Errance

Il me prend aujourd’hui une douce flemme, comme un jour d’avant les vacances, à ceci près qu’elles devront encore attendre plus de trois semaines. Une envie de rien faire, qui fait que je me tue les yeux depuis ce matin sur un fichier Excel contenant plus de cinq mille lignes de données – mon travail entre début janvier et fin juin, afin d’établir des statistiques et autres analyses découlant de mon activité. Et que je tourne en rond, installe des filtres, tire des graphiques, tente de discerner des tendances qui, à leur tour, parleront en reflétant des courbes…

 

Si j’ai toujours prétendu que le métier s’apprend sur le terrain et non sur les bancs de la fac, comme conduire s’apprend sur les centaines de milliers de kilomètres parcourus après l’obtention su sésame rose, force est de constater que la théorie a ses limites. J’arrive en effet au bout de ce qu’il m’est permis d’apprendre de mon métier sans y mettre de gros moyens humains et financiers.
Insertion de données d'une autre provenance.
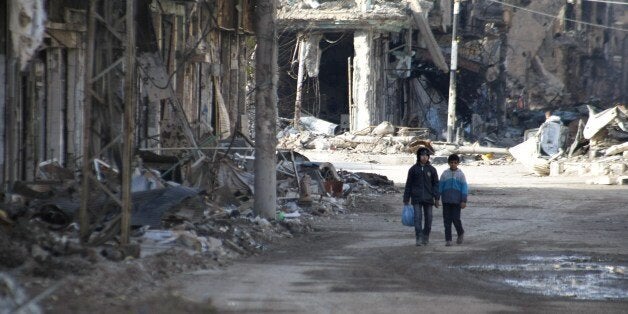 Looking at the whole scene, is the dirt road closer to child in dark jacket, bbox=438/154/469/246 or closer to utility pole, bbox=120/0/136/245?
child in dark jacket, bbox=438/154/469/246

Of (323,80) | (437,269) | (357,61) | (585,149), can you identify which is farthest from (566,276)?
(323,80)

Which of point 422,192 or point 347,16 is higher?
point 347,16

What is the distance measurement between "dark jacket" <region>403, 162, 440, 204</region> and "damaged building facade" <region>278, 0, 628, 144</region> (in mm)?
22695

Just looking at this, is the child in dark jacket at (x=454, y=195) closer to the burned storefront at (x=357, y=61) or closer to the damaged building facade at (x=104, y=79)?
the damaged building facade at (x=104, y=79)

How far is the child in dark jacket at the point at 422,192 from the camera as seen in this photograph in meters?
14.1

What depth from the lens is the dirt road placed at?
9359 millimetres

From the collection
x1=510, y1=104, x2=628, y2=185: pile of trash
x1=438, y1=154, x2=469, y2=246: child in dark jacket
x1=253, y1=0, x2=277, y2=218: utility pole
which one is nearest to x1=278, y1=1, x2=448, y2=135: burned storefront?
x1=510, y1=104, x2=628, y2=185: pile of trash

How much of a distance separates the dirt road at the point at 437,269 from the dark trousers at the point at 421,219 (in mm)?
229

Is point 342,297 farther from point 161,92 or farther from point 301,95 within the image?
point 301,95

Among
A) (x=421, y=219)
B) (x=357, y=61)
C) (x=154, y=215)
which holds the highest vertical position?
(x=357, y=61)

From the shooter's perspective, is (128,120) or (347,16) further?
(347,16)

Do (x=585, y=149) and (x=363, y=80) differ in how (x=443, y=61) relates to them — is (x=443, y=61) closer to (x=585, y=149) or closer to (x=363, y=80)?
(x=363, y=80)

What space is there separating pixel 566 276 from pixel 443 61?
2953 centimetres

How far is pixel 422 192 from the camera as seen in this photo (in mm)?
14203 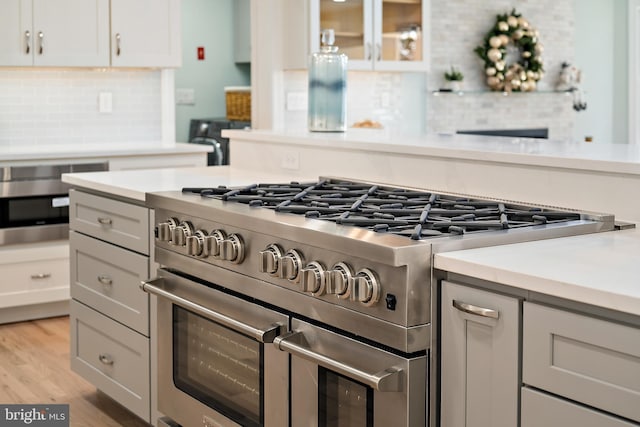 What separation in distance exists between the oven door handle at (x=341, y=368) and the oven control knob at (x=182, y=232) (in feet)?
1.91

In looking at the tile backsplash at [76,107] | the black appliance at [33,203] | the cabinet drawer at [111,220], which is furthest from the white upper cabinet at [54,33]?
the cabinet drawer at [111,220]

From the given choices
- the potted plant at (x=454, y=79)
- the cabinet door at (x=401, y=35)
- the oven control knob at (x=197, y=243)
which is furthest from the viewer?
the potted plant at (x=454, y=79)

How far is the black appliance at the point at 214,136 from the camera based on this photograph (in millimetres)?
7559

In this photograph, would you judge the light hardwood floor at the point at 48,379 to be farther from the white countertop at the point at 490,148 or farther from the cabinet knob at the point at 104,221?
the white countertop at the point at 490,148

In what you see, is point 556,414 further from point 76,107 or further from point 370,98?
point 370,98

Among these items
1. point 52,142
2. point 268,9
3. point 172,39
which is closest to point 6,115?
point 52,142

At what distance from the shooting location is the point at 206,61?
8914mm

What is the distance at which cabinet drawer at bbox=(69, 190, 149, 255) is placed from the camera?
10.0 feet

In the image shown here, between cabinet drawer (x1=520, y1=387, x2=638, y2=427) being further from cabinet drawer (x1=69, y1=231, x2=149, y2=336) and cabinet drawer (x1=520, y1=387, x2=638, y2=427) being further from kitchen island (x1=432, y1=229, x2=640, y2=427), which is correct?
cabinet drawer (x1=69, y1=231, x2=149, y2=336)

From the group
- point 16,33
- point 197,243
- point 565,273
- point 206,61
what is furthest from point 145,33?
point 565,273

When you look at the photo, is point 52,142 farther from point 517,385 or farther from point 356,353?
point 517,385

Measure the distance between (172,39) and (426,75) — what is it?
2.43m

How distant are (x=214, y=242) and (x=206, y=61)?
22.0ft

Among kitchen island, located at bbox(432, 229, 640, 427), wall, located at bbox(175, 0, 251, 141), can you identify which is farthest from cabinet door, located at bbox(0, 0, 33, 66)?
kitchen island, located at bbox(432, 229, 640, 427) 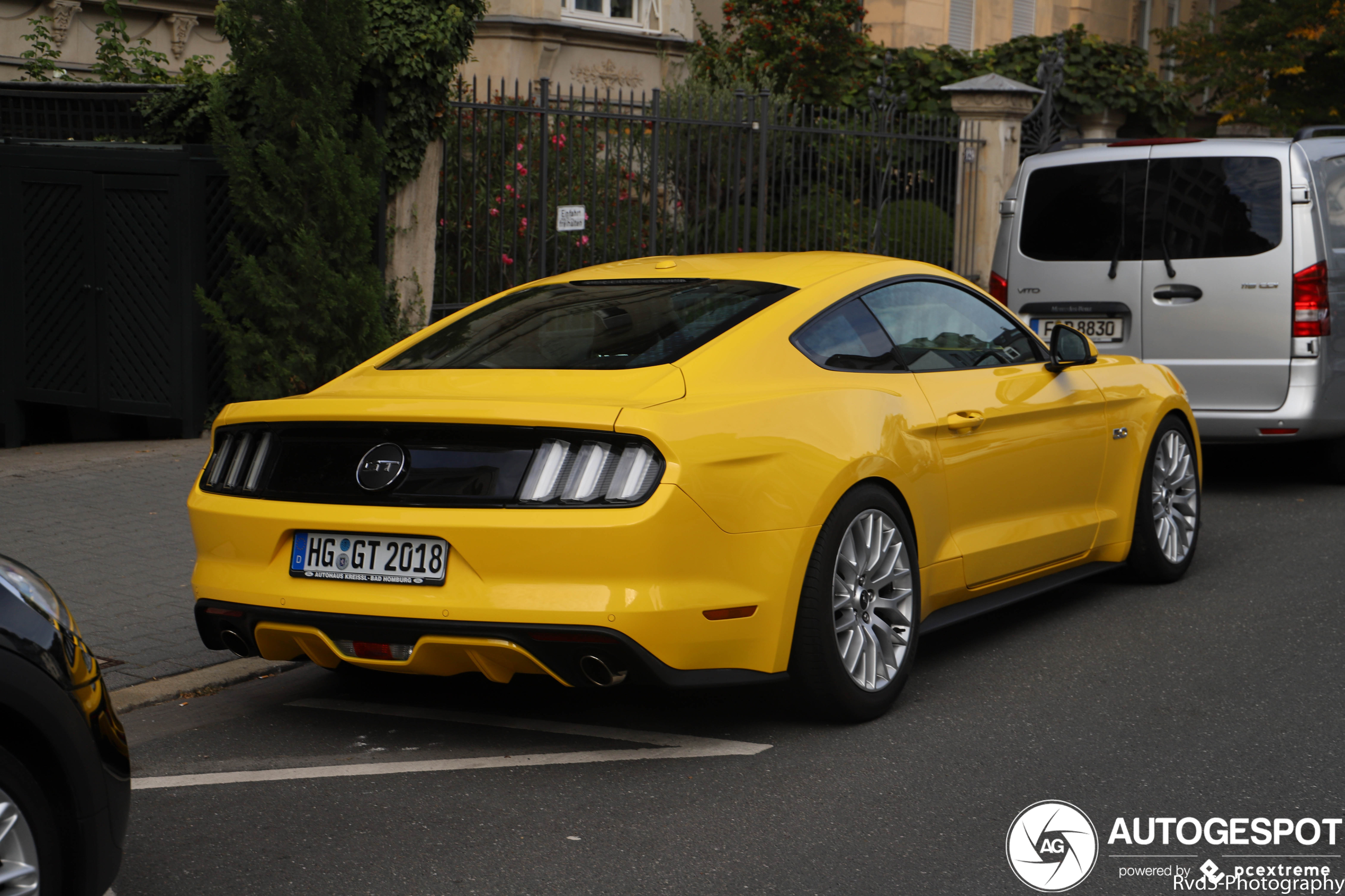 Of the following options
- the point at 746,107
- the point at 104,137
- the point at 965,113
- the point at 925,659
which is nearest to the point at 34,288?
the point at 104,137

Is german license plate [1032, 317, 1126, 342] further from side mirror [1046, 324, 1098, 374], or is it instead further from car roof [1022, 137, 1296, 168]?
side mirror [1046, 324, 1098, 374]

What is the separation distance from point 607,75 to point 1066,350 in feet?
55.5

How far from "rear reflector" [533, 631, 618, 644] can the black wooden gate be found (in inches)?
281

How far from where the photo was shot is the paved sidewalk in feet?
19.6

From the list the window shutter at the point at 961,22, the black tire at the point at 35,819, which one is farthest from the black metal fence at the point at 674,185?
the window shutter at the point at 961,22

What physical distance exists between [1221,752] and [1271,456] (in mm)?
7254

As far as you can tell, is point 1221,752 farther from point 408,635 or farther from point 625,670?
point 408,635

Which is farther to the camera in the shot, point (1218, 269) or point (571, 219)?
point (571, 219)

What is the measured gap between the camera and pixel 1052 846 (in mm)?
3920

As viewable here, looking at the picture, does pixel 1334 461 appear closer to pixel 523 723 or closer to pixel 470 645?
pixel 523 723

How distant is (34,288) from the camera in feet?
36.7

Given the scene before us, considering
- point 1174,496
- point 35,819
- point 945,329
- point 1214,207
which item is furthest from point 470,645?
point 1214,207

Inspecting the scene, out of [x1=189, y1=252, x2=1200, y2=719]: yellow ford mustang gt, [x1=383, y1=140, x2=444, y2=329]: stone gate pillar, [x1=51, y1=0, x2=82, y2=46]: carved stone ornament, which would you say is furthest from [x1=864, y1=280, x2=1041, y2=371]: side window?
[x1=51, y1=0, x2=82, y2=46]: carved stone ornament

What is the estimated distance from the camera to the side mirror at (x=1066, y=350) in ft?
20.4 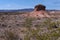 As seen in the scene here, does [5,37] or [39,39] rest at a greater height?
[39,39]

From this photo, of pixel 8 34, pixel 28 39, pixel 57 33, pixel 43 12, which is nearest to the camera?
pixel 57 33

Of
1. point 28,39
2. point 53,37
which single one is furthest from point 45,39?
point 28,39

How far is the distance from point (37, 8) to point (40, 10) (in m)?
1.17

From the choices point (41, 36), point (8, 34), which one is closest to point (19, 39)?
point (8, 34)

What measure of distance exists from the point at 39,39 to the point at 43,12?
194 feet

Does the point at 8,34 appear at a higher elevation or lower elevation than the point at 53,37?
lower

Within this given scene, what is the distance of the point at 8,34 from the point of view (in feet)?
85.4

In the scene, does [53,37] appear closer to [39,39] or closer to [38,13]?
[39,39]

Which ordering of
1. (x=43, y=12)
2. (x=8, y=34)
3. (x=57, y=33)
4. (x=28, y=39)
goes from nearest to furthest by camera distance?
(x=57, y=33) < (x=28, y=39) < (x=8, y=34) < (x=43, y=12)

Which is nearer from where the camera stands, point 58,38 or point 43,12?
point 58,38

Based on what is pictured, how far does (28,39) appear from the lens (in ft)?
62.4

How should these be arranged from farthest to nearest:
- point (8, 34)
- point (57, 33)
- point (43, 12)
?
point (43, 12) → point (8, 34) → point (57, 33)

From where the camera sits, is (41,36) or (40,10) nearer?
(41,36)

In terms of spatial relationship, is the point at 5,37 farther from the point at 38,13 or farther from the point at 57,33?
the point at 38,13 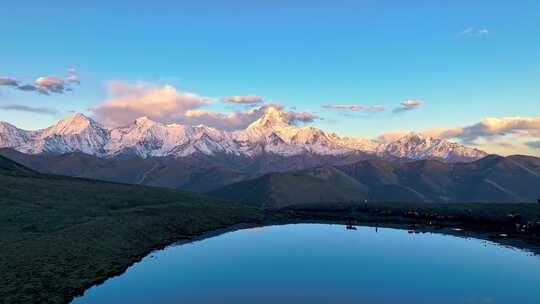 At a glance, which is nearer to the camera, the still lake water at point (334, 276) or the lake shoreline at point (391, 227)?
the still lake water at point (334, 276)

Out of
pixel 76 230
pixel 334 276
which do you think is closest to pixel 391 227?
pixel 334 276

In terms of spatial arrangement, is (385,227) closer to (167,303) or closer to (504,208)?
(504,208)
Je travaille certainement dans un domaine très particulier où le partage gratuit d’information s’associe encore aujourd’hui à du suicide professionnel. Il est des informations qui ne se passent que sous le manteau, entre initiés. Il est aussi des informations qu’on ne prendra jamais la peine de te donner, des fois que le petit nouveau en sache plus que le vieux briscard.

 

De plus, trouver les formations adéquates fait revenir au point de départ : on n’apprend pas (tout) sur les bancs de l’école. Néanmoins, il va sans doute me falloir repartir en Teutonie du Grand Nord. Ou aller faire swinger London. Voire même les deux. Dans quelle mesure l’enseignement prodigué sera applicable à mon travail quotidien est à chaque fois un mystère. Il est assez épuisant de tenter de comprendre des choses dont les bases me manquent, tout en sachant parfaitement que j’ajouterai une ligne de théorie, mais rien de pratique à mon parcours, mis à part quelques exceptions anecdotiques.

 

Alors, je trouve tout mou, moi y compris, et je regarde en haut, dans les arbres qui bordent mon nouveau lieu de travail.

 

 

Les commentaires

Poulette Dodue

Oisiveté (ponctuelle ;-)) est fort bonne conseillère !
Hier j’ai pensé à toi, un jeune que je connais a réussi The certification (enfin le niveau 1) dans ta branche (il commence un job en septembre là ou tu es…) !! Émotion du pater et champagne…pour tous (bon le champ d’ailleurs)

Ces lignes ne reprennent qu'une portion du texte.